Copy exactly the lines of the material below that run from the one containing "Aangepaste naam roos" through the one containing "Sports Themed Casino". Copy no other lines.

-- INPUT DATA --
● ● ●

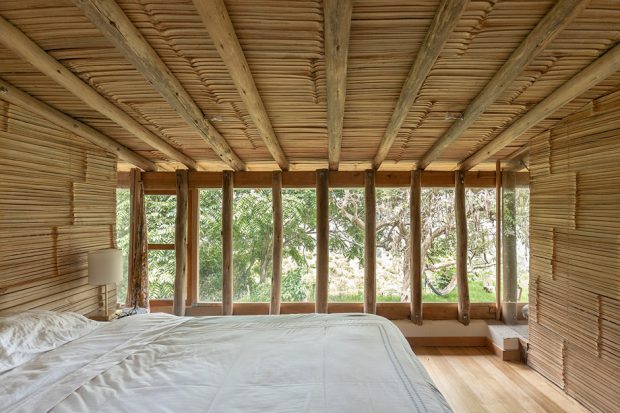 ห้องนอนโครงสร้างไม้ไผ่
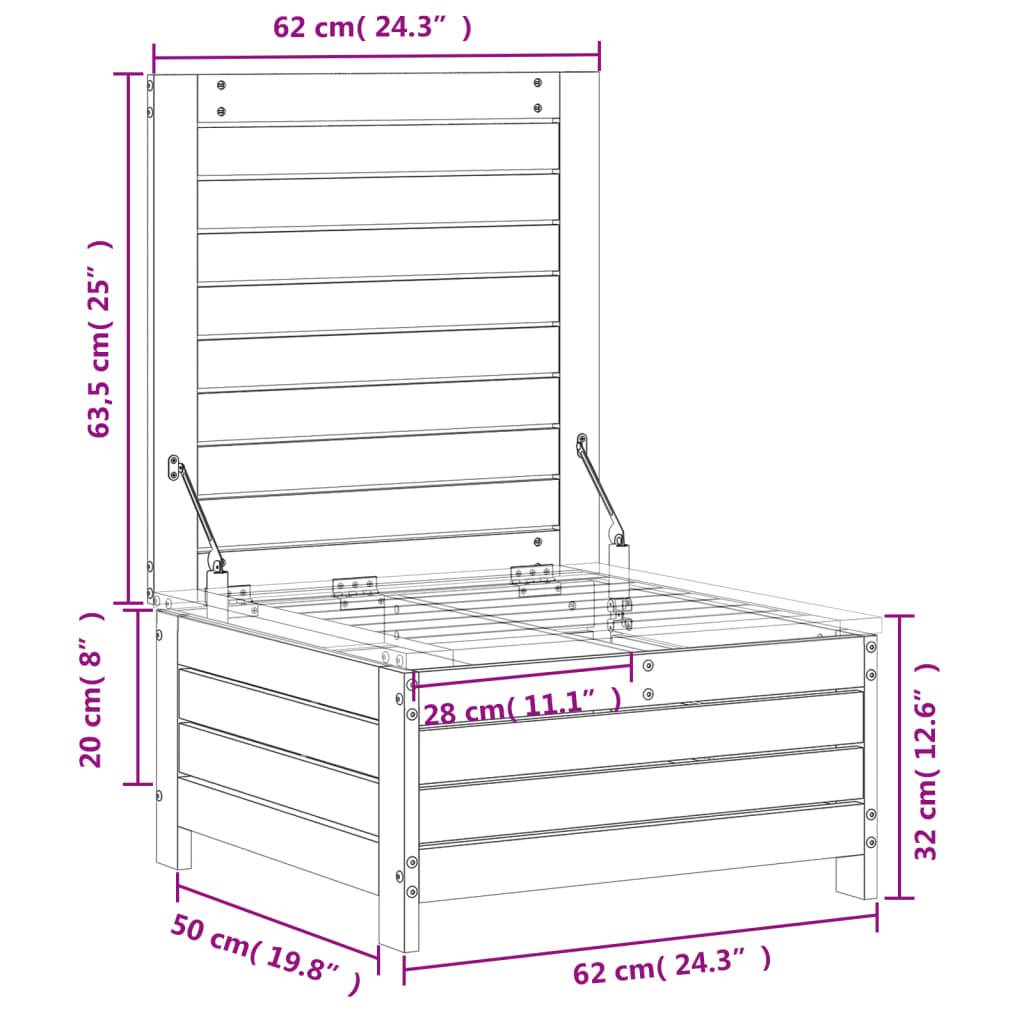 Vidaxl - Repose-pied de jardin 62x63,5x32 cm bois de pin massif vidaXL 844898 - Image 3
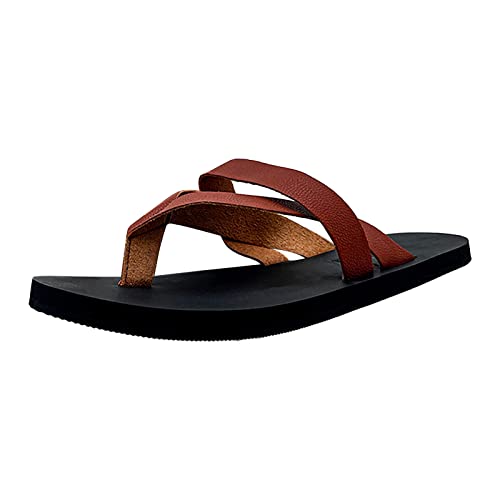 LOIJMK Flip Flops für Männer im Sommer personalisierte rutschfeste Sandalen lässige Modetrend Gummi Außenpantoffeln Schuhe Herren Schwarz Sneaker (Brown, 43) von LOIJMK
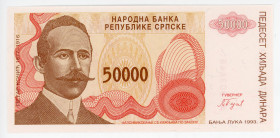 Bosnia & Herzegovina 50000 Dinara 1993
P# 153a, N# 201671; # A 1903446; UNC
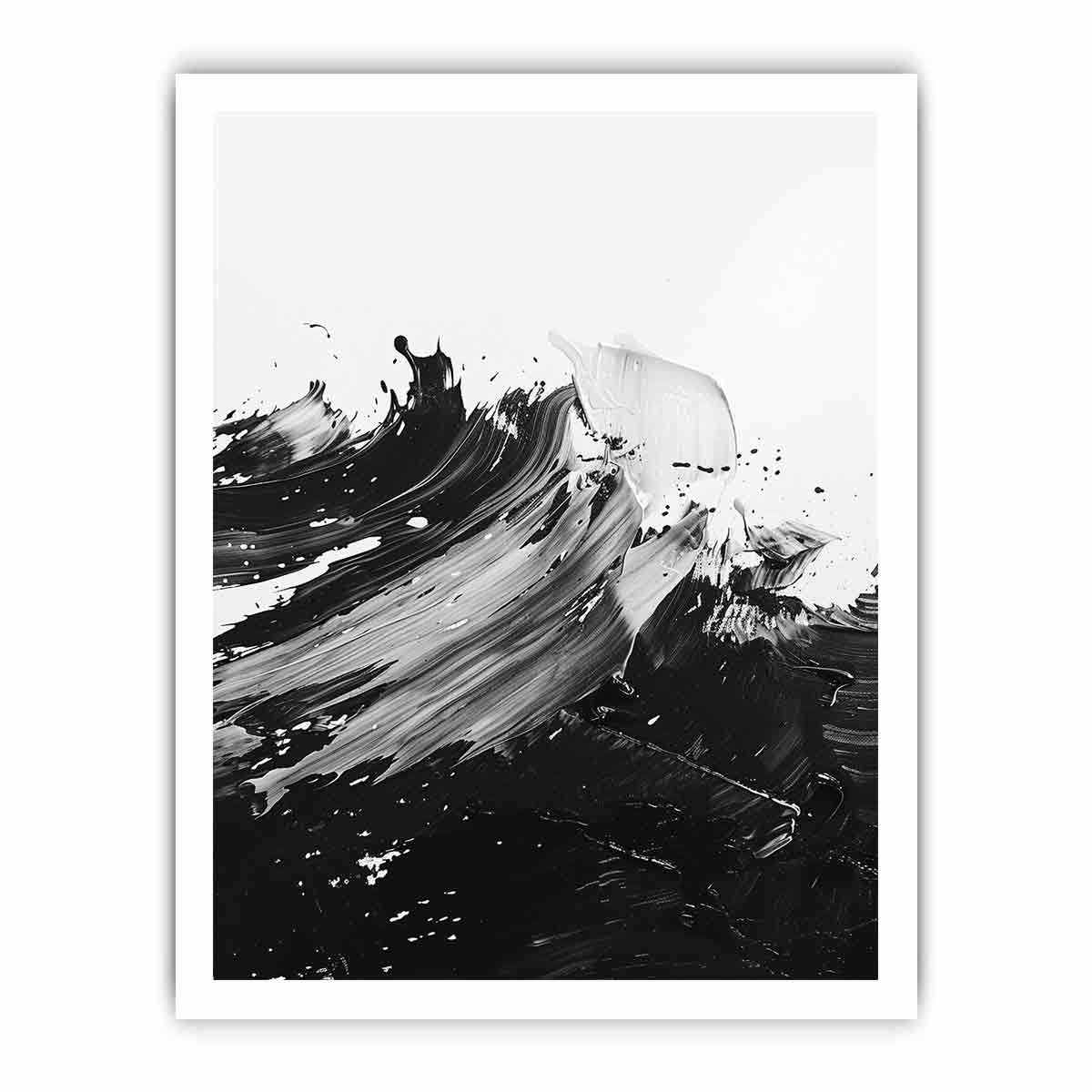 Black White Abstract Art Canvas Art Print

● ● ●

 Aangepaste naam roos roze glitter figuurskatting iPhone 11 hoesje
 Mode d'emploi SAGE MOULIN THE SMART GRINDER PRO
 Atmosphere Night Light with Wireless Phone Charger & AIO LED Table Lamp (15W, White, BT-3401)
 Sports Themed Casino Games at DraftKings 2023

● ● ●

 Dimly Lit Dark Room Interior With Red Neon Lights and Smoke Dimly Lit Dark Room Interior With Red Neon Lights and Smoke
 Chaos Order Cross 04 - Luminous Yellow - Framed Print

● ● ●

-- PROBLEM SOLUTION --
 Aangepaste naam roos roze glitter figuurskatting iPhone 11 hoesje
 Mode d'emploi SAGE MOULIN THE SMART GRINDER PRO
 Atmosphere Night Light with Wireless Phone Charger & AIO LED Table Lamp (15W, White, BT-3401)
 Sports Themed Casino Games at DraftKings 2023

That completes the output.